#### [PROBLEM]
Using only the entries below, copy exactly the lines that begin at the one with "Used Volvo S40" and end at the one with "360 Grad Panorama", both included. Drop the pictures.

#### [EXERCISE MATERIALS]
◆ ◆ ◆ ◆ ◆
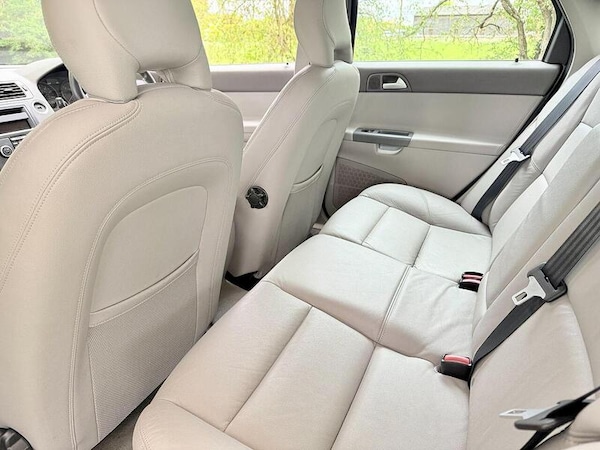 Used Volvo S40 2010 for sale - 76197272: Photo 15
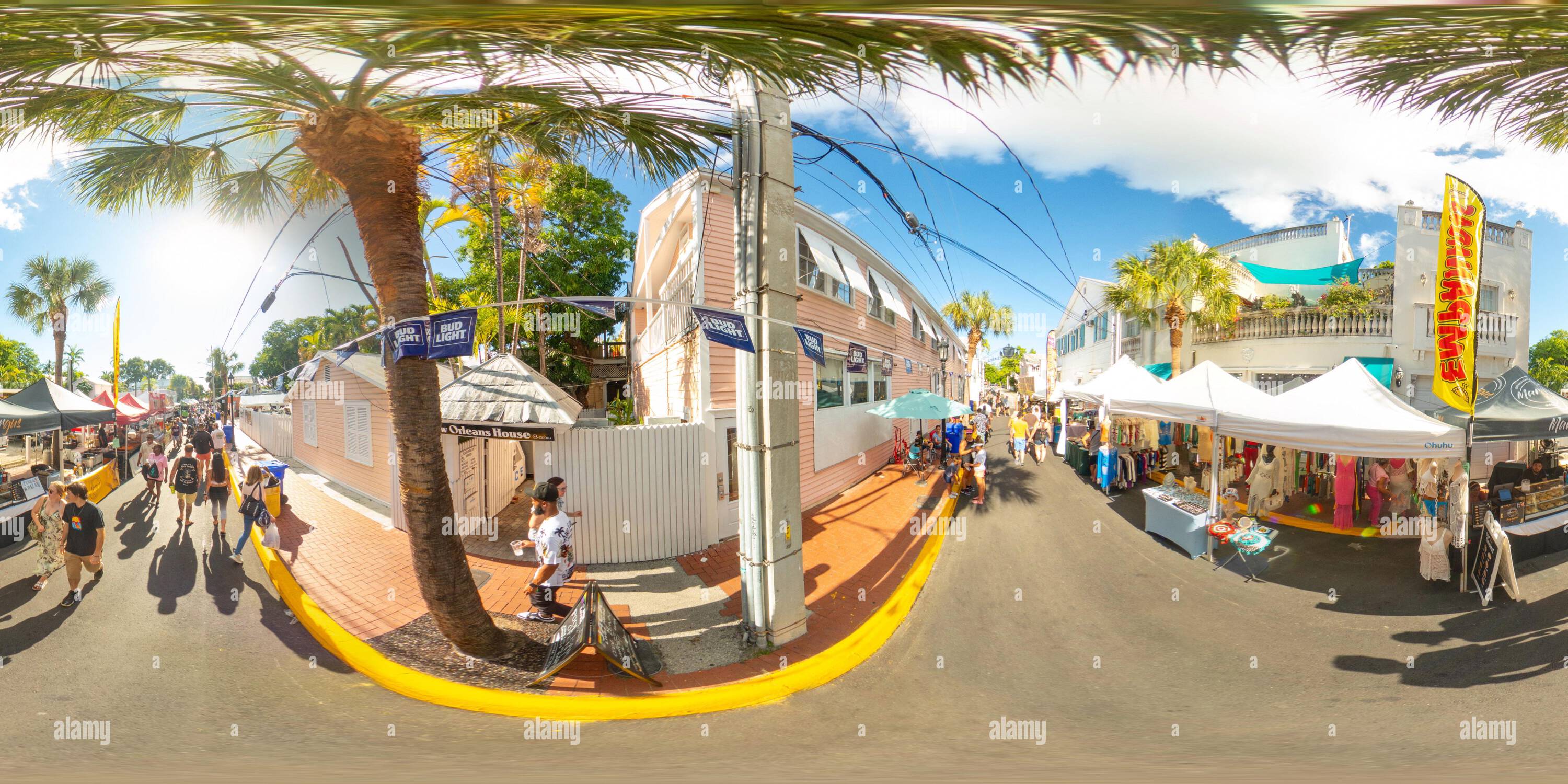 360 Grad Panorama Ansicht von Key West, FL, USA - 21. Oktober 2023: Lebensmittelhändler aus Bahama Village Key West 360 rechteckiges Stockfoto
◆ ◆ ◆ ◆ ◆
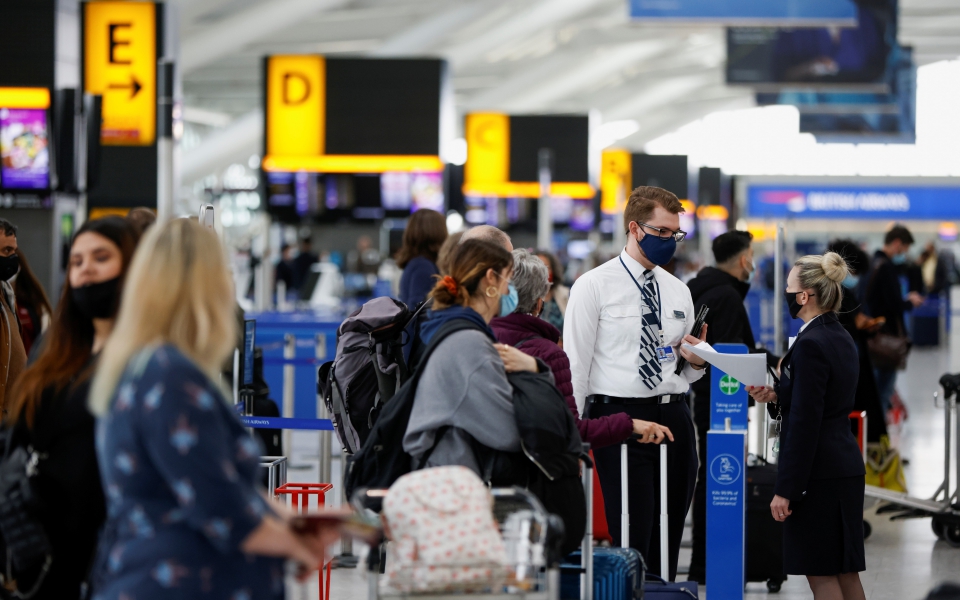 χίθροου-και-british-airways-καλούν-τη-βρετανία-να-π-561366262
◆ ◆ ◆ ◆ ◆
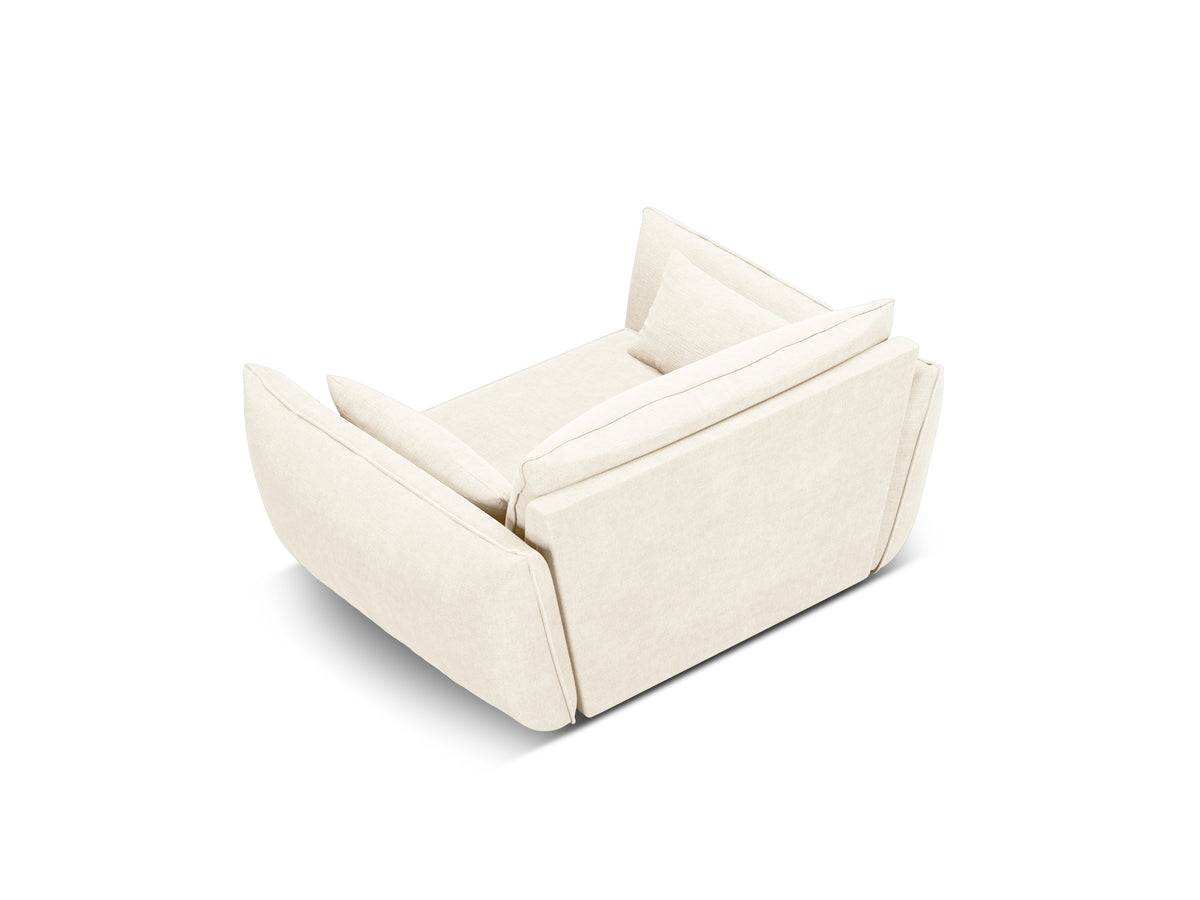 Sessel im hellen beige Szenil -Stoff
◆ ◆ ◆ ◆ ◆
#### [ANSWER TO THE PROBLEM]
 Used Volvo S40 2010 for sale - 76197272: Photo 15
 360 Grad Panorama Ansicht von Key West, FL, USA - 21. Oktober 2023: Lebensmittelhändler aus Bahama Village Key West 360 rechteckiges Stockfoto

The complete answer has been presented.